On Mon, 2009-05-25 at 18:49 -0400, Owen Taylor wrote: > On Mon, 2009-05-25 at 22:08 +0200, Nicolai Hähnle wrote: > > > > [ Even with the change, there still is a noticeable performance win from > > > dropping the size of the DMA buffer in mesa - binding the 1M buffers > > > into AGP space takes a measurable amount of time. ] > > > > Forgive me if you've mentioned it before, but what is your testcase? > > > > If I recall the discussions correctly (and admittedly I've been somewhat > > away > > for a while), the idea was to have big buffers so that games can just keep > > scheduling drawing commands virtually indefinitely (maybe even up to a full > > frame worth of draw calls).
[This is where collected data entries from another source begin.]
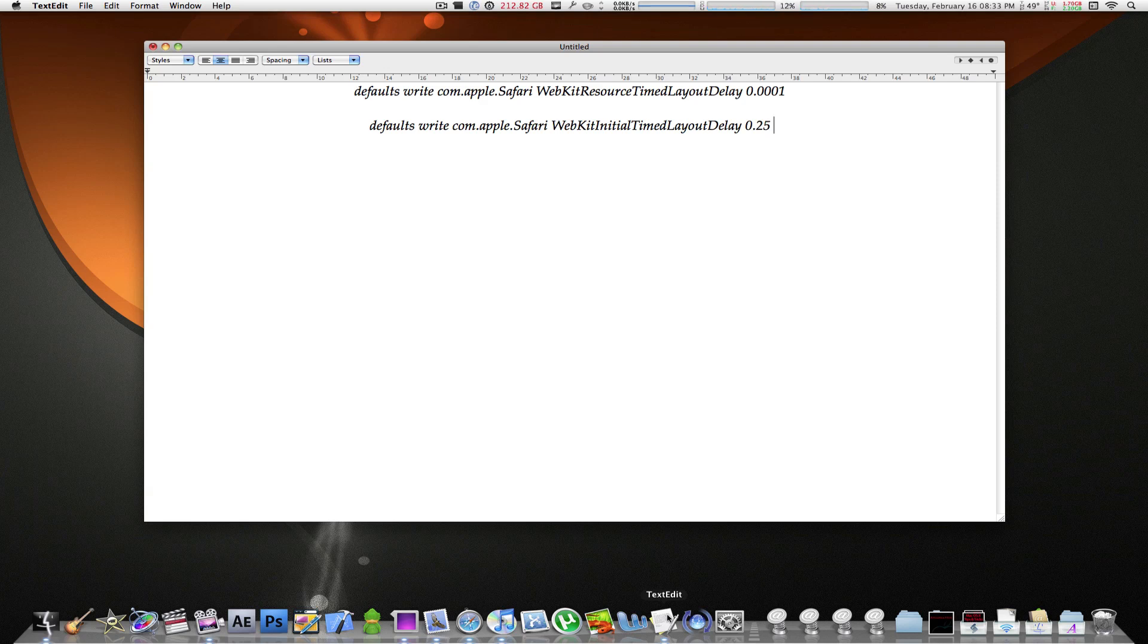Now, once you analyze these two lines of code, you realize that they are pretty much the same thing, except the suffix or the end of each of those lines are just a bit different. This line of code is telling Safari to make the delay in opening these pages 0.001 milliseconds or 0.25 milliseconds.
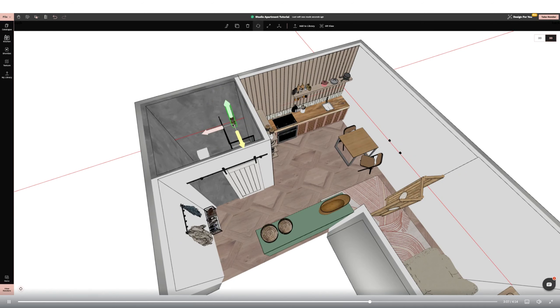I want to use spotlights in the shower room, so I'm selecting one from the catalogue and then swapping into the 2D ceiling plan mode so I can use the grid lines to line them up neatly.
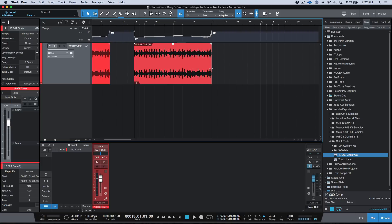Anytime you have a tempo map that's been embedded into an audio file, we can extract it really easily in Studio One. I hope you guys got something from this. As always, if you're finding this content useful, please go ahead and hit that subscribe button and share. Leave any comments or questions down below and I'll do my best to get back to you. We'll catch you in the next video — cheers.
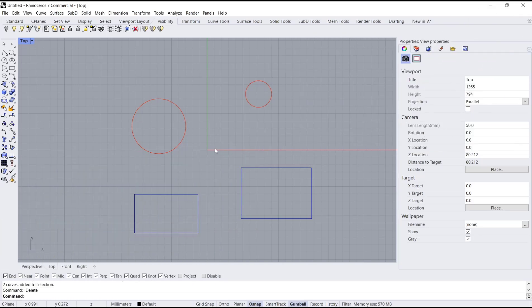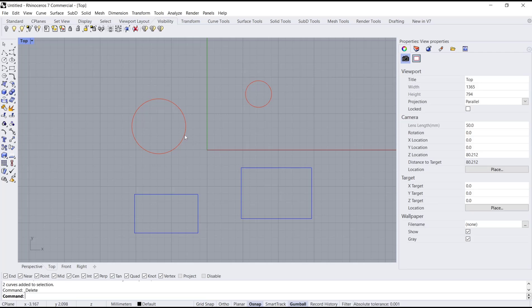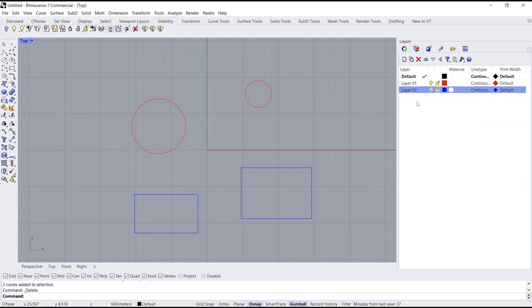Hello everyone, today we are going to learn a basic Rhino tutorial on how to select similar objects. If you want to select similar objects, you can use layer tools. Click in here on Layer, then choose the layer, right-click,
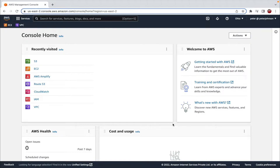Hi guys, my name is Peter and welcome to a brand new video. In this video I'm going to show you how you can host a static website using an EC2 instance. Previously I have already made a video on how you can host a static website using S3. I won't be talking in a lot of detail about S3 buckets or EC2 instances since I have already made independent videos about those. The links are in the description below. Right now I am in the AWS console.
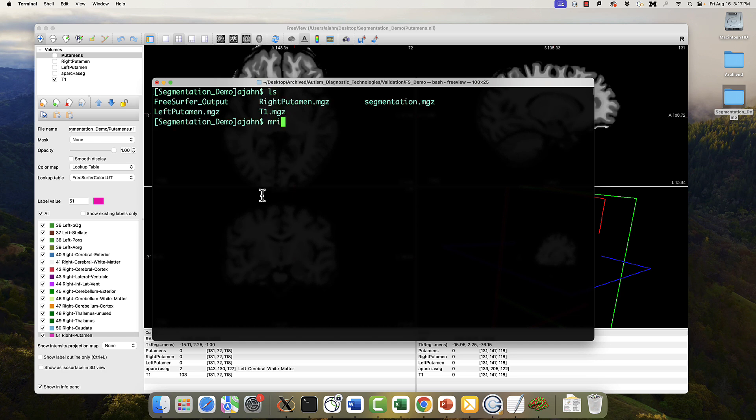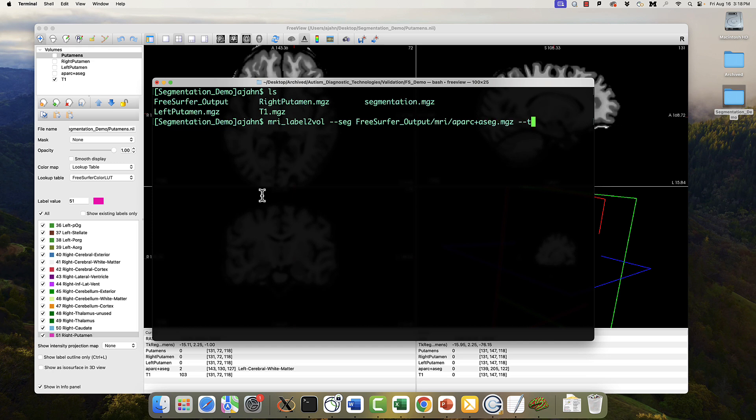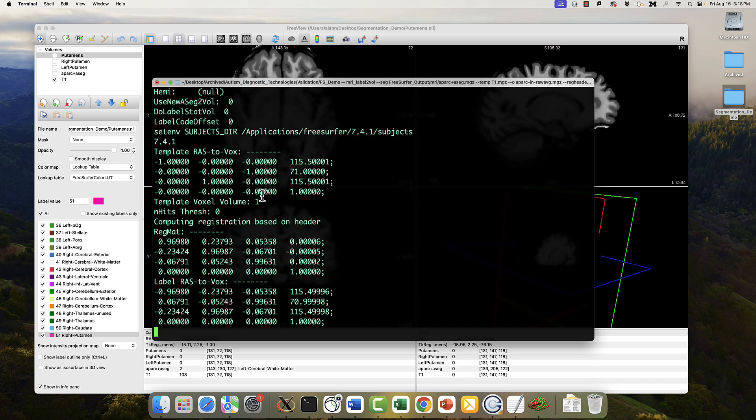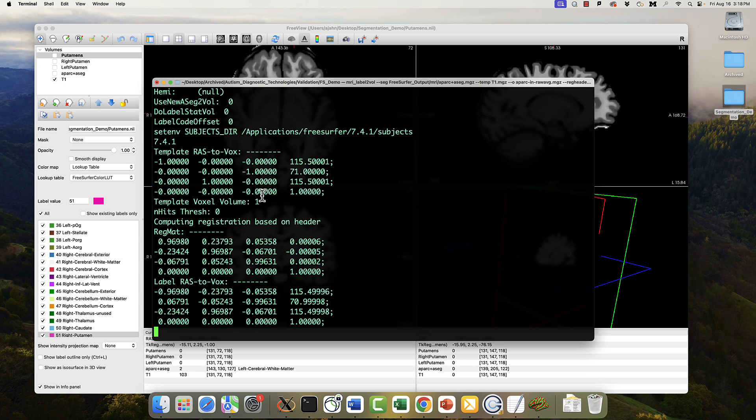Let's go back to the terminal. And first we need to make sure that the output from FreeSurfer, APARC plus ASEG, is in the same space as my native T1 weighted image. This is the code, you can also find it in the more info box down below. All I'm doing here is saying register the APARC plus ASEG image to my original T1 weighted image, just to make sure they're aligned appropriately, before I do any kind of dice coefficient similarity analysis.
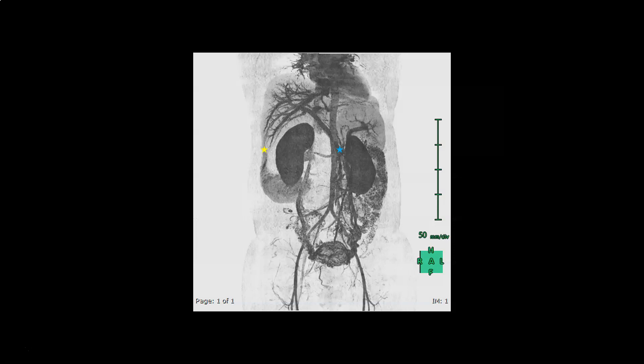Then we see the uterus showing heavy collateral veins passing through the myometrium anteriorly and posteriorly. This is the maximum intensity projection of the contrast-enhanced CT after removal of the bone, and here we see two very important anatomical landmarks.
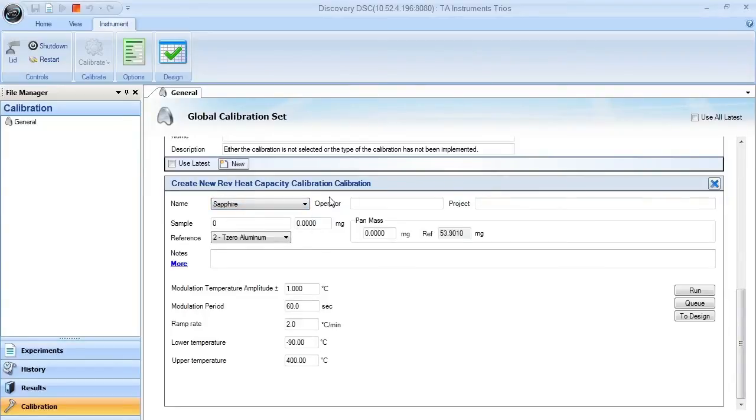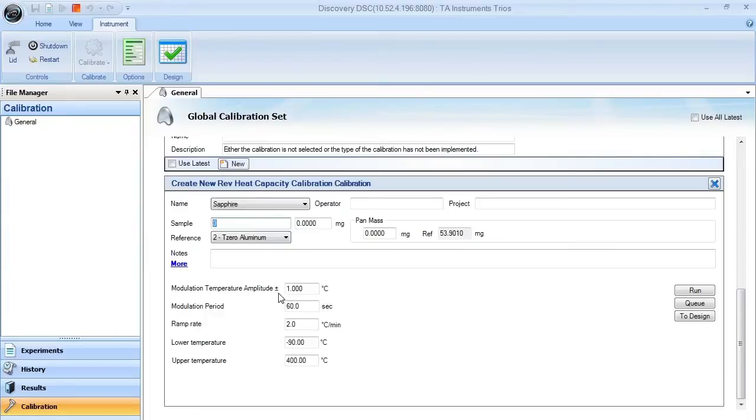You can enter in operator and project names, but the key is that you need to make sure that your sapphire pan location in your autosampler tray is correct. In this case, sample position three. You also need to make sure that your sapphire sample mass is correct as well.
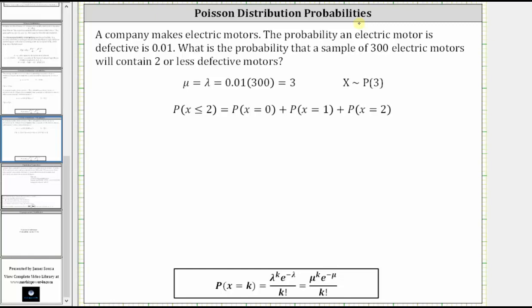This video provides an example on how to determine a Poisson distribution probability using a formula. A company makes electric motors. The probability an electric motor is defective is 0.01. What is the probability that a sample of 300 electric motors will contain two or less defective motors?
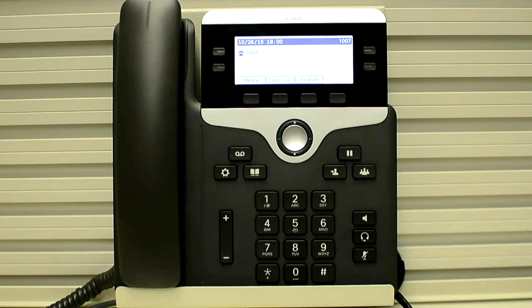In this video, I would explain to you how you can check the call statistics on 7841 phones. We check the call statistics when we are troubleshooting a no-way voice or a one-way voice issue. It is very helpful to know whether your phone is receiving or sending any packets to the network, so this procedure is very useful to narrow down the issue.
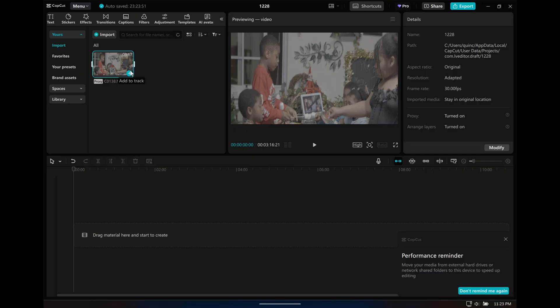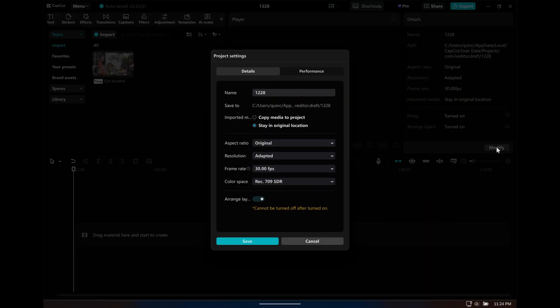Depending on what resolution you use — this is 4K, so it's going to be 3840 by 2160. What you do is go to Modify and change the resolution.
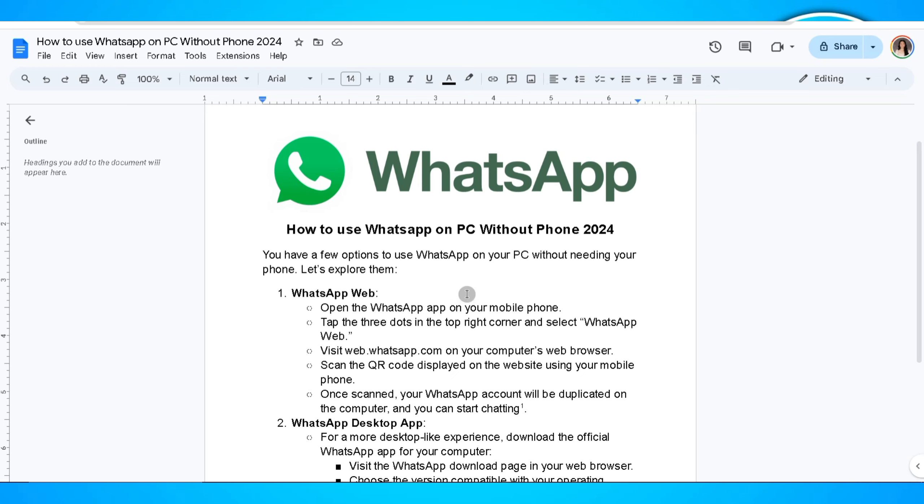First option would be using WhatsApp Web. Open the WhatsApp app on your mobile phone and tap the three dots in the top right corner and select WhatsApp Web.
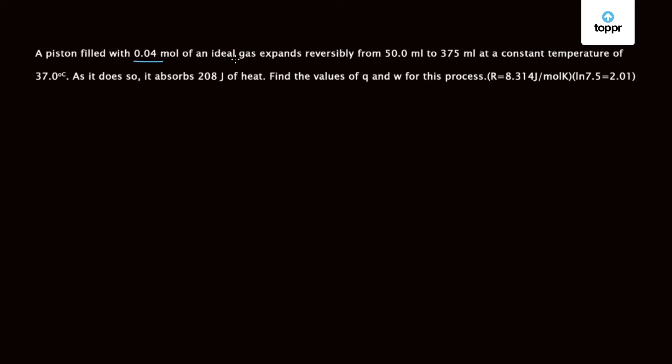expands reversibly from 50 ml to 375 ml at constant temperature of 37 degrees Celsius. As it does so, it absorbs 208 joules of heat. Find the value of Q and W for this process.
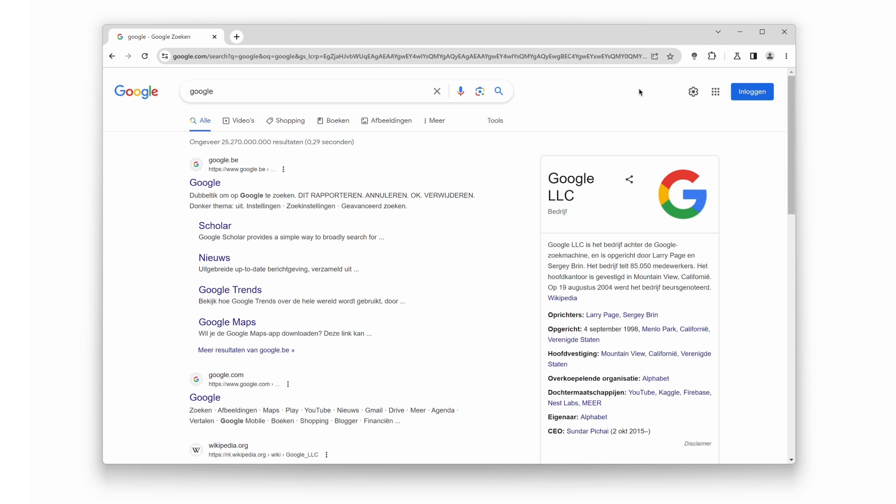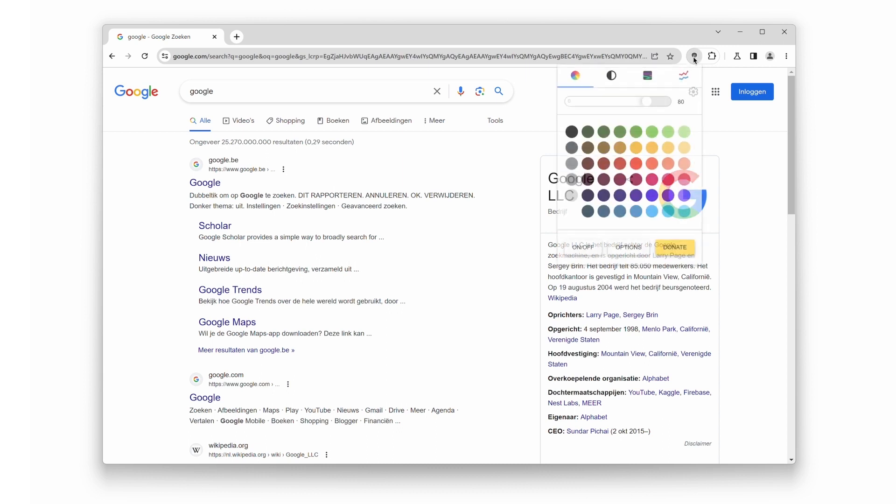First, locate the Turn Off the Lights icon in your Chrome browser toolbar. It looks like a gray lamp. Give it a double-click, and the Mini Settings panel will pop up.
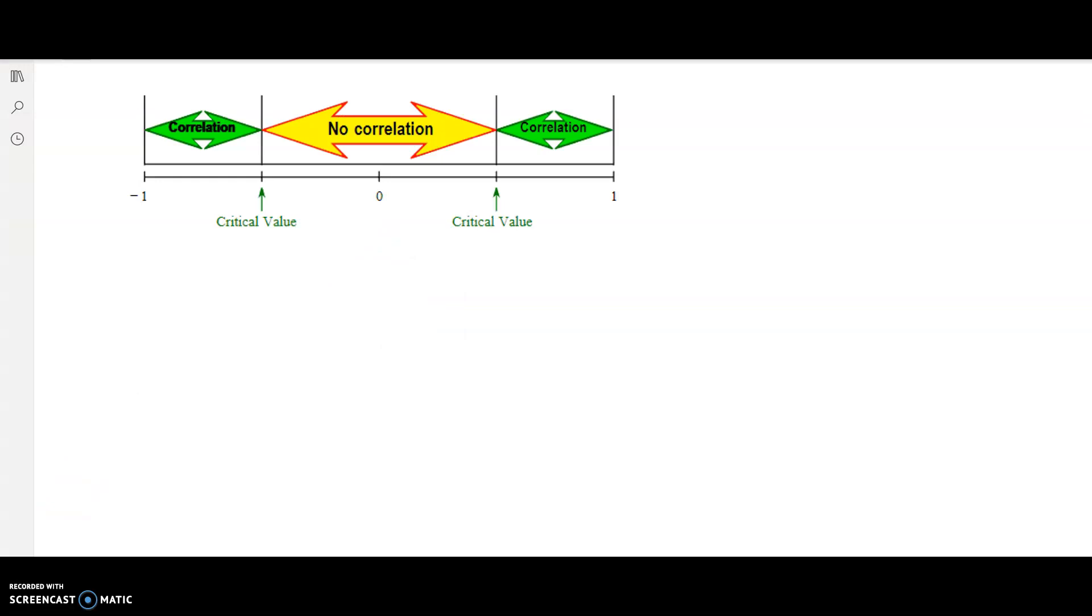Our critical values tell us if our correlation coefficient R is closer to negative 1, closer to 0, or closer to 1. Our critical values in this problem are negative 0.878 and positive 0.878. We want to compare our R in the problem to these values.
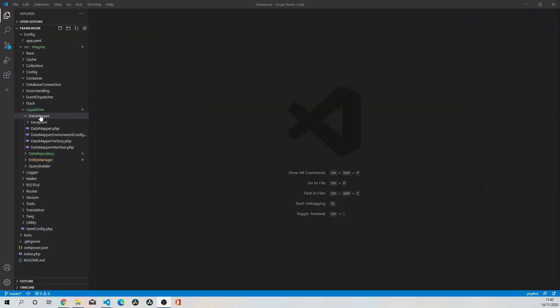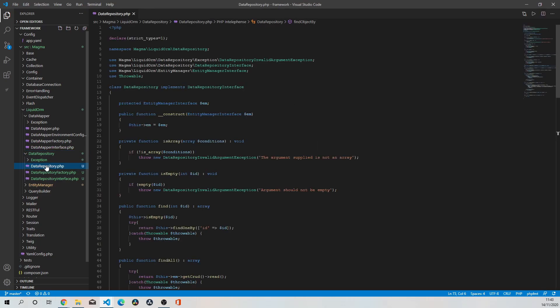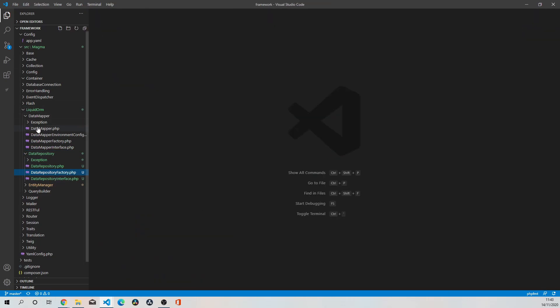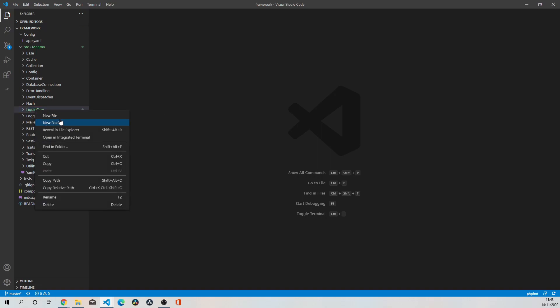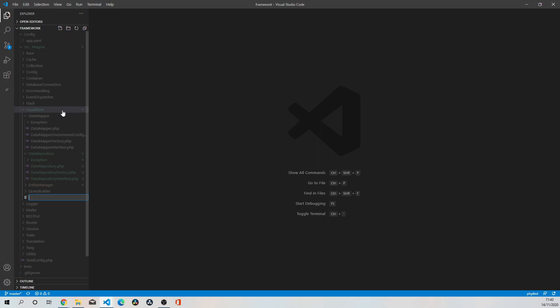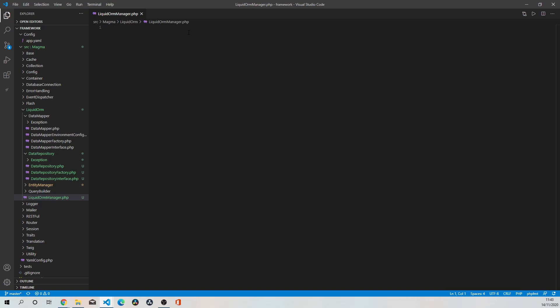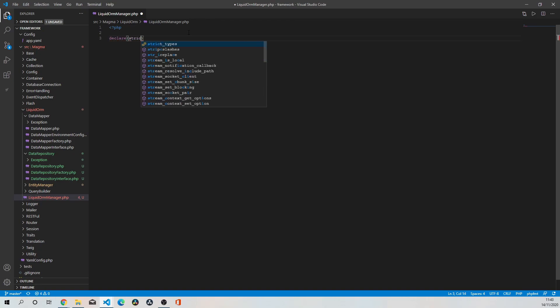As I was saying, there are other bits to this ORM that we need to complete in order to finish off our data repository factory. I'm going to deviate slightly from the previous concept and put a new file within the root directory - the liquid ORM directory. I'm going to say new file, and I'm going to call it LiquidOrmManager.php. This is the file that's going to gel all of the components that we've created within this ORM together.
Obviously, if your testcase is in fact not one > > of > > those eyecandy-crazy shooters, then that's a bad idea for you. > > I've been testing with mutter/gnome-shell (GL based compositor, with UI > elements in the GL scene graph as well.) It certainly doesn't look that > much like a game; the vertex/state-change ratio is probably lower than > for most games since there are no complex 3D models - the most vertex > intensive thing it's doing is text (quad per glyph). > > But on the other hand, it's using maybe 1/1000th of the vertex buffer > before it fills its command buffer and releases the DMA buffer, so > that's a pretty big gap to make up if games are that different.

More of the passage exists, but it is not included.